With respect to the Execution Agreement, SCSI suggests, in a single sentence without any citations, that Amwest breached its covenant of good faith and fair dealing. (Defs.' Resp. Pl.'s Mot. Summ. J. at 10.) Because this argument is perfunctory and undeveloped — indeed, SCSI even fails to cite a provision of the Execution Agreement — we reject it. See United States v. Berkowitz, 927 F.2d 1376, 1384 (7th Cir. 1991) ("[P]erfunctory and undeveloped arguments, and arguments that are unsupported by pertinent authority, are waived."); Anderson v.

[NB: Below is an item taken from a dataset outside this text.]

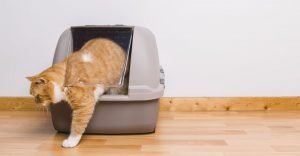 Tabby cat step outside a litter box after pooping or peeing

Hale, No. 00 C 2021, 2001 WL 417991, at *11 n. 6 (N.D. Ill. Apr. 23, 2001) (same). As a court, we resolve arguments, we don't make them.
D. Specific Performance and Breach of Contract
In cursory fashion, we deny Amwest's Motion for Summary Judgment as to liability on counts two and three. Neither count two nor three has been adequately addressed and argued by Amwest in the briefs. Additionally, Amwest's Local Rule 56.1 submissions do not contain sufficient facts to enable this Court to make a decision on count two or three in Amwest's favor.

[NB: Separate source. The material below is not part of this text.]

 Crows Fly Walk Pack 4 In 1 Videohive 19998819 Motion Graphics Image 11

Presumably Amwest asked this Court to make a liability finding on count two by mistake. ( See Pl.'s Mot. Summ. J. at 1 (asking this Court for a liability finding on "all Counts of Plaintiffs Complaint).) Specific performance is a remedy, not a basis of liability.
III. Conclusion
For the reasons stated, this Court grants Amwest's Motion for Summary Judgment in part and denies it in part. Szabo is bound by the terms of the Indemnity Agreement, and both Szabo and SCSI are bound by the terms of the Execution Agreement.